Problem description:
For this listing, reproduce the line with "Sheep graze among", the line with "动漫里狗的名字,守护者之影", and the lines between, exactly as they stand. Leave out pictures and all other lines.

Listed records:
• • • •

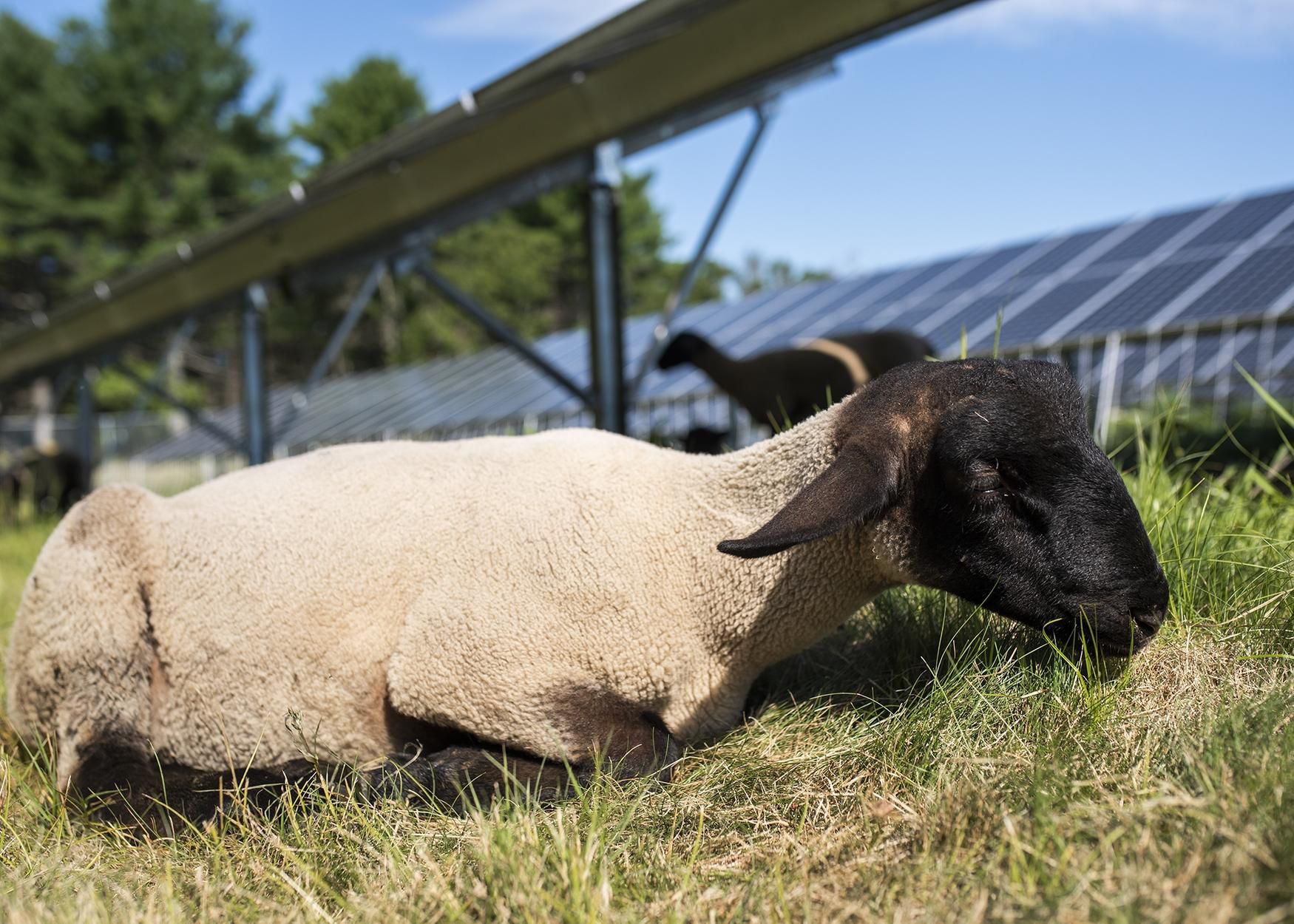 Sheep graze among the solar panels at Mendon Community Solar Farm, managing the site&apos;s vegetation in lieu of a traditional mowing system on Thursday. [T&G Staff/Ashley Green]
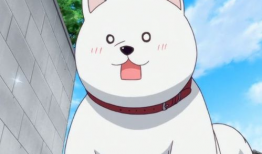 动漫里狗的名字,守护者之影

• • • •

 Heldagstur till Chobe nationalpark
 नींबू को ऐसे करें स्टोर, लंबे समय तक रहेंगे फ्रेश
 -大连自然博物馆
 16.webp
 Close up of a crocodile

• • • •

Written response:
 Sheep graze among the solar panels at Mendon Community Solar Farm, managing the site&apos;s vegetation in lieu of a traditional mowing system on Thursday. [T&G Staff/Ashley Green]
 动漫里狗的名字,守护者之影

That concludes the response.